Munter Revisits Killing of bin Laden on Fifth Anniversary
Those are hours I'll never forget, said EWI CEO and President Cameron Munter on the fifth anniversary of the U.S. killing of Osama bin Laden on the popular David Webb Show on May 2, 2016.
Munter—the U.S. Ambassador to Pakistan during that successful raid—looked back on what he called a very important day and gave a play by play of the day the founder of the terrorist organization Al-Qaeda, who was responsible for the September 11, 2001 tragedy, was killed.
He said his main job as a diplomat was to deal with the aftermath of the events and to ensure the protection of U.S. citizens in the country. It was quite a challenge because there was history in Pakistan of reactions, by mobs, for example, Munter said. After the successful raid, we had to pull in a team of leaders at the embassy and made sure our consulates were notified and everyone was safe, he added.

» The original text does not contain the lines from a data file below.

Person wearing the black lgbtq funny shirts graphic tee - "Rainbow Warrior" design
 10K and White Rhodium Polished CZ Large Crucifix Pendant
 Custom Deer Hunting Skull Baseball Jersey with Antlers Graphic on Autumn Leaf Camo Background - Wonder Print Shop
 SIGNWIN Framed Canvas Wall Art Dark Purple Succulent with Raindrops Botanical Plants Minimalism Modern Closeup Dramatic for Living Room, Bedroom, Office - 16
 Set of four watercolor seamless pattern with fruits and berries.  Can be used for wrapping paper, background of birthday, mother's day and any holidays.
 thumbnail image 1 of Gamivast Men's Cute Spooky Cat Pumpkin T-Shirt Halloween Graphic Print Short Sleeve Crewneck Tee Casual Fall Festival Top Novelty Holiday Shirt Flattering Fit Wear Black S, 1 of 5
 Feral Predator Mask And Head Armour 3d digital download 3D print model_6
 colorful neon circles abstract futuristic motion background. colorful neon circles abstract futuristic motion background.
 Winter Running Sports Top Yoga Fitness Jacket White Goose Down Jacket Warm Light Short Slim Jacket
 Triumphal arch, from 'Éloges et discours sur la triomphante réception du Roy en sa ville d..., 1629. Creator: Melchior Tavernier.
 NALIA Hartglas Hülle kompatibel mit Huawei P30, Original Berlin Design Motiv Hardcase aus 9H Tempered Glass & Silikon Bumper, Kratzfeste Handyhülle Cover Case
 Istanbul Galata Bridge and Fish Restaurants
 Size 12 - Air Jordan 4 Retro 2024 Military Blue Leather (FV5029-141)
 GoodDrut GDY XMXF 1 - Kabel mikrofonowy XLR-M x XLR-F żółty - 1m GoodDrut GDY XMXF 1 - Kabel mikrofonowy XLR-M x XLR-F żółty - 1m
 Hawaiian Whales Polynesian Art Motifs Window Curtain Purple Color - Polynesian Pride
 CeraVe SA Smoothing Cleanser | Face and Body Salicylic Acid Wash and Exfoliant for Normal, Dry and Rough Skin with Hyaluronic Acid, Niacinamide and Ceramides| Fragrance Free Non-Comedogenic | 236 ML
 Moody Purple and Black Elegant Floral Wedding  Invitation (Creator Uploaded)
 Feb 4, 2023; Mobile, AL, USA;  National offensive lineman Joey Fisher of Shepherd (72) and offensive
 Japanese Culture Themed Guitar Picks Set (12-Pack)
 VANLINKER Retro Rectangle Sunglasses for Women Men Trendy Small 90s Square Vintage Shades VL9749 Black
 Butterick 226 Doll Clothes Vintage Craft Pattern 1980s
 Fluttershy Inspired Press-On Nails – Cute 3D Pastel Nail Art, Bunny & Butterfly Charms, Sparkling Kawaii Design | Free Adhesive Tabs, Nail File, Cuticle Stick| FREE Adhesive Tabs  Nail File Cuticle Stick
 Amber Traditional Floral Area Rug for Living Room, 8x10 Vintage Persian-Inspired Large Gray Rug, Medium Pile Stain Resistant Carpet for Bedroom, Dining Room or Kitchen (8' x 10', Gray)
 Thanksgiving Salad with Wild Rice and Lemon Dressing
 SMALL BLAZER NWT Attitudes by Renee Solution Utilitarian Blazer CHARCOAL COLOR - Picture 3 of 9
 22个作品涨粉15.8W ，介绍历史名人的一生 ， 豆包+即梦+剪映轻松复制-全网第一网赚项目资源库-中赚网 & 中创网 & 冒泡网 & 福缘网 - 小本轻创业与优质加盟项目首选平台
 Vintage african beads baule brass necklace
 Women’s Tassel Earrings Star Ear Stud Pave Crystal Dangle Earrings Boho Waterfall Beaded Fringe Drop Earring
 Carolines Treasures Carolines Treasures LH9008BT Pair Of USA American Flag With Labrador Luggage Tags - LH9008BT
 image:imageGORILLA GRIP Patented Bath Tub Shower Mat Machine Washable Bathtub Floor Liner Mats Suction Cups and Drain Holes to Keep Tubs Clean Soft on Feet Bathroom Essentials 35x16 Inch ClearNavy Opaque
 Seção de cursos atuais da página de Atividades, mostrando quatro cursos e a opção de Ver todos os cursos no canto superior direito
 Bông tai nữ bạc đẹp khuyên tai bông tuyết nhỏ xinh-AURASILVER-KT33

Munter also shrugged off the wide speculation that the Pakistani government knew all along bin Laden was on their home soil. I think there was a question whether they were competent enough to know this ... I think it was hugely humiliating for them and they were very embarassed when (bin Laden) showed up under their nose. I think it infuriated a number of people in Pakistan in positions of leadership because it was so embarassing.
Munter said the killing of bin Laden was no doubt a huge blow to the capability of Al-Qaeda and that the world has made major progress against terrorists in the last few years.
But I think it's wrong for us to assume that those organizations are like a standard army and you defeat them in a standard way, he said. Even though Al-Qaeda was very much set back and America was made safer by the death of Osama bin Laden, we have to remain very watchful about the metastasising of threat as it shows itself around the world.
Munter also said there had to be a certain sense of common purpose among enough leaders to make the policies they decide on effective. He believed there was a striking amount of discord between people in the Middle East and North Africa region as well as the inability of the Gulf states to work with some of the Arab states there.